Semantic Search With MongoDB Atlas

Share

Introduction

Semantic search refers to a search technique that aims to improve the accuracy of search results by understanding the intent and context behind a user’s query. Unlike traditional keyword-based search engines, which rely on matching specific words or phrases, semantic search focuses on the meaning of the query and the content of the documents.

Semantic search systems use natural language processing (NLP) and machine learning algorithms to comprehend the context, relationships, and semantics of words and phrases. This allows them to deliver more relevant results by considering the user’s intent and the context of the query.

Some key components of semantic search include:

  1. Context Understanding: Semantic search engines analyze the context of a query, taking into account factors such as user location, previous search history, and the relationships between words.
  2. Entity Recognition: Identifying and understanding entities (e.g., people, places, and things) in the query and the documents being searched can enhance the accuracy of results.
  3. Concept Matching: Semantic search systems go beyond simple keyword matching and attempt to match the underlying concepts or meanings in the query and documents.
  4. Natural Language Processing (NLP): NLP techniques are employed to understand the natural language in queries and documents, helping the search engine better interpret and respond to user input.
  5. Machine Learning: Algorithms learn from patterns and user behavior, continuously improving the relevance of search results over time.
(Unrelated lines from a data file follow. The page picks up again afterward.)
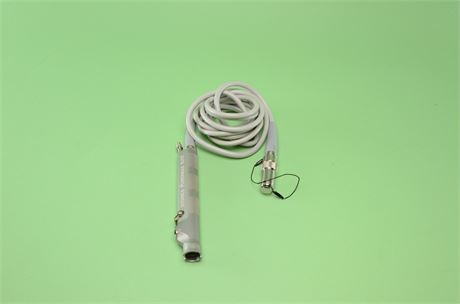 Smith & Nephew Dyonics Powermax Elite Shaver Handpiece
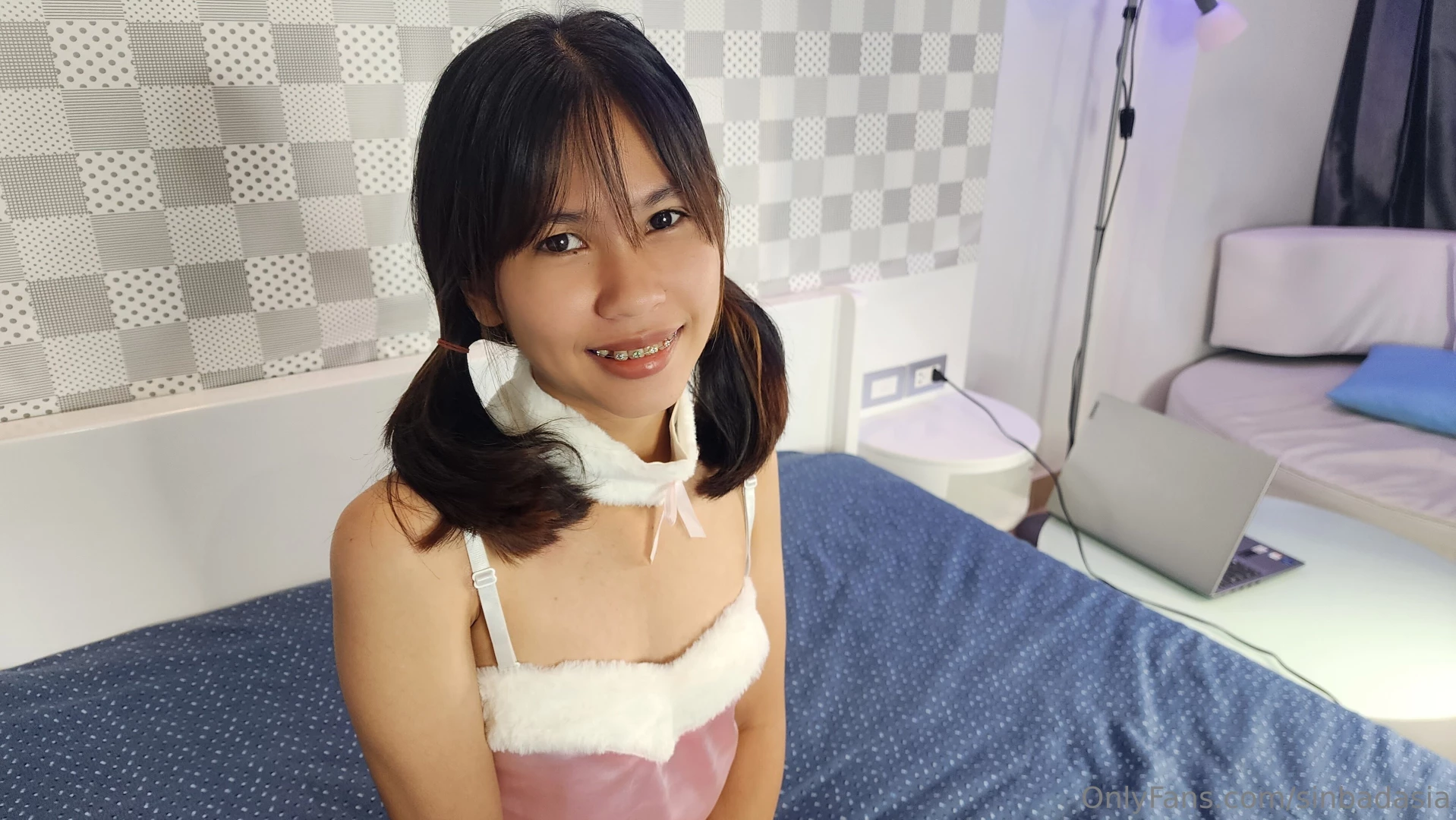 18 yr old ester is a fan favorite and 1 of mine also ester collection 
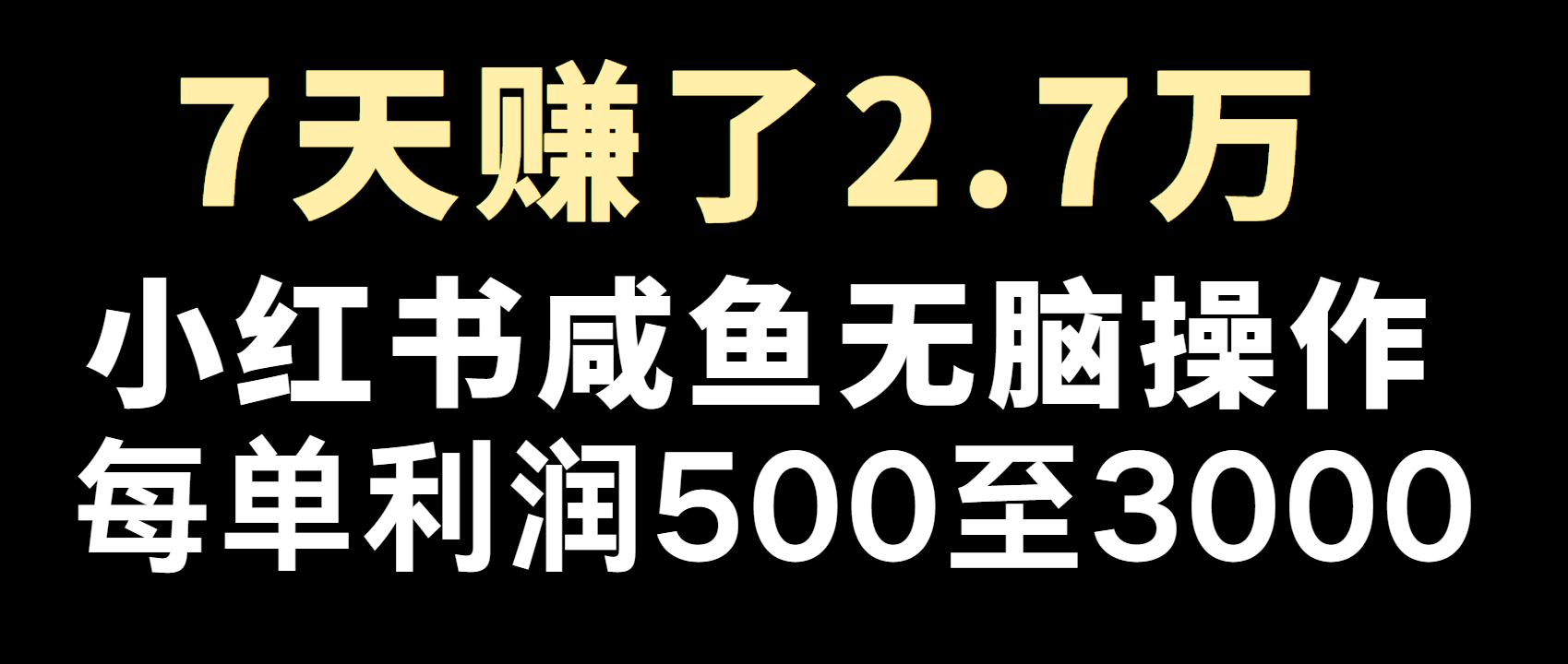 233541wdb0qlsb0i0aqm12.png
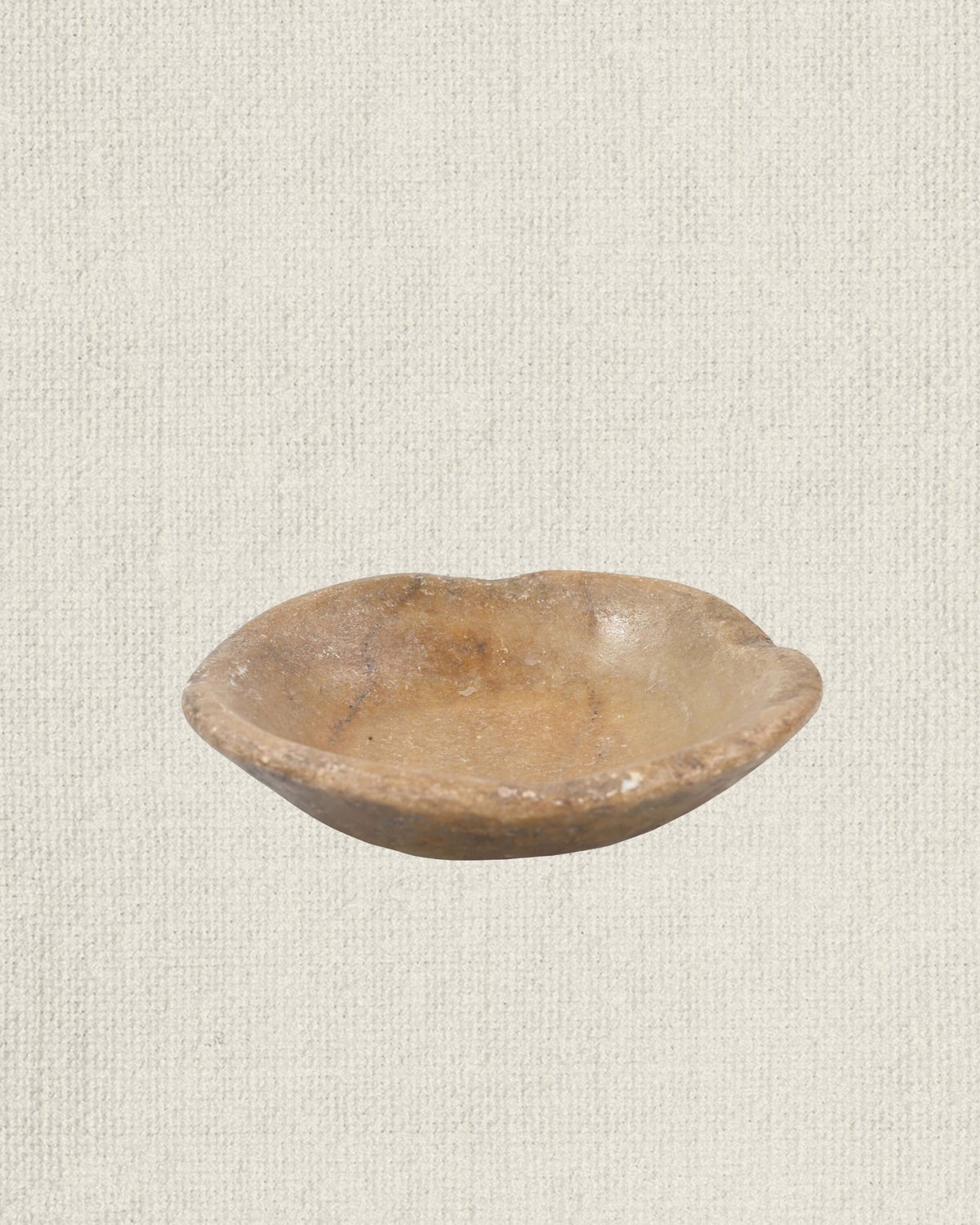 Marble Bowl 36-16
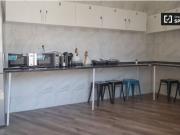 Se alquila habitación en apartamento Co living de 10...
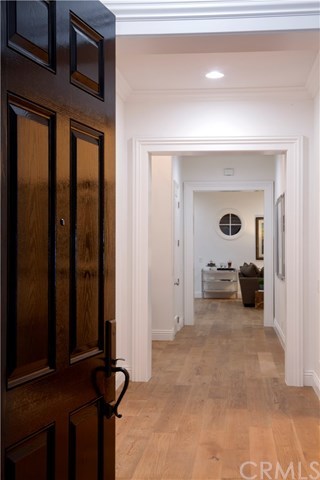 10 Starlight Ladera Ranch, CA 92694 - Photo 3 of 33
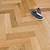 herringbone parquet flooring engineered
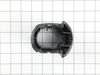Boot – Part Number: N115626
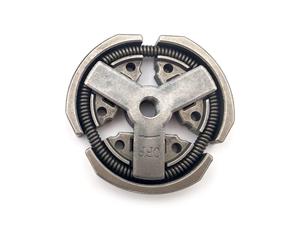 У75 Сцепление б/п Partner 350 - фото 34851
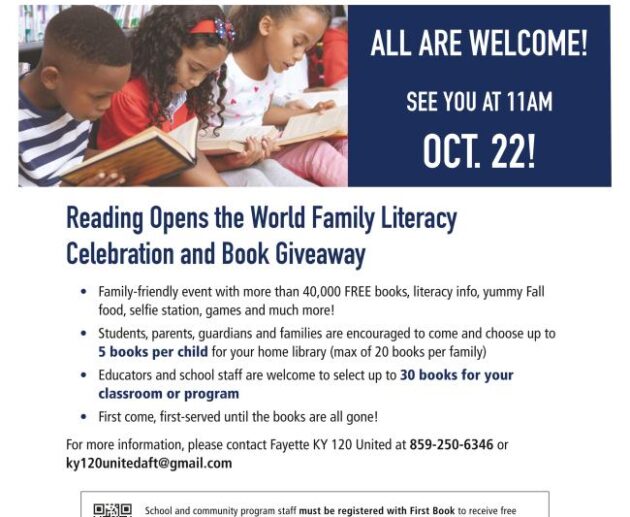 Book giveaway graphic 1022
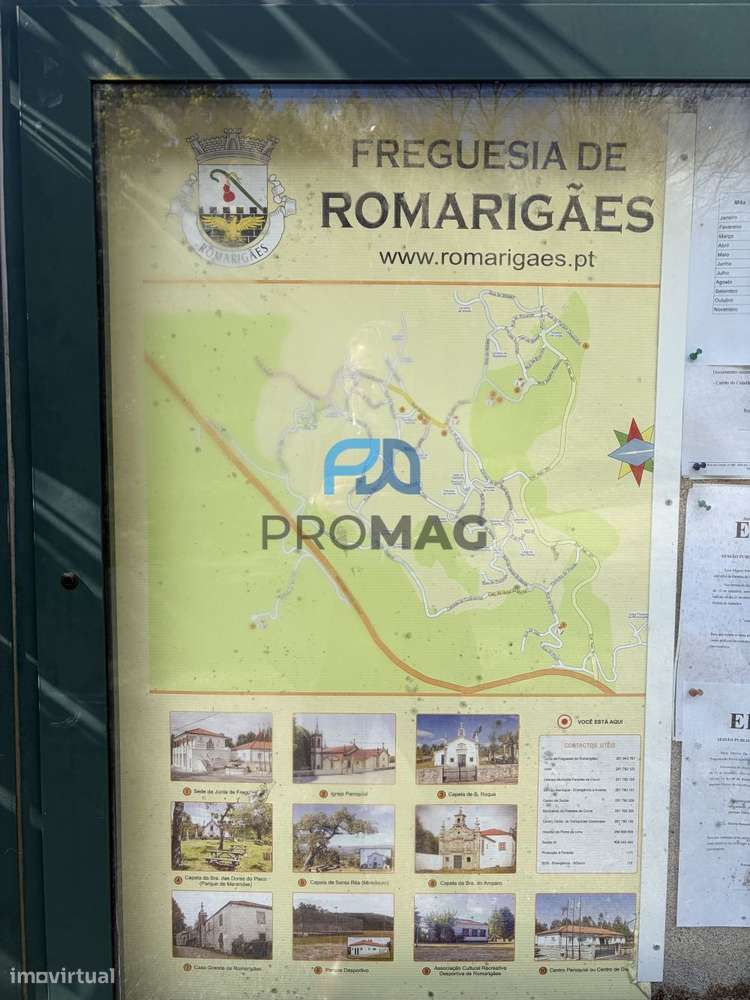 Armazém com 140 m2 inserido em terreno com 1989m2-26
Semantic search is particularly beneficial for complex queries, ambiguous language, and situations where users may not use the exact keywords that would typically yield the desired results. It has applications in various fields, including information retrieval, recommendation systems, and question-answering systems.

Implementation

We can implement Semantic Search by using a MongoDB Atlas database with Haystack.

Getting Started

First, setup a new environment in Python/ VSCode. Open a PowerShell terminal within VSCode and use the command  ->

PowerShell
python -m venv . venv

to create a virtual environment. Activate this virtual environment via the Terminal to your workspace using ->

PowerShell
.venv\Scripts\Activate.ps1

Now, install the required libraries using pip->

PowerShell
pip install mongodb-atlas-haystack
pip install sentence_transformers

We will be using Hugging Face model all-mpnet-base-v2 for Semantic Search. The all-mpnet-base-v2 model provides the best quality and is an All-round model tuned for many use-cases. It is trained on a large and diverse dataset of over 1 billion training pairs, with base model as microsoft/mpnet-base. It could be used directly via Hugging Face or could be downloaded locally using ->

PowerShell
# Make sure you have git-lfs installed (https://git-lfs.com)
git lfs install
git clone https://huggingface.co/sentence-transformers/all-mpnet-base-v2

Create an MongoDB Atlas online account if you don’t already have one.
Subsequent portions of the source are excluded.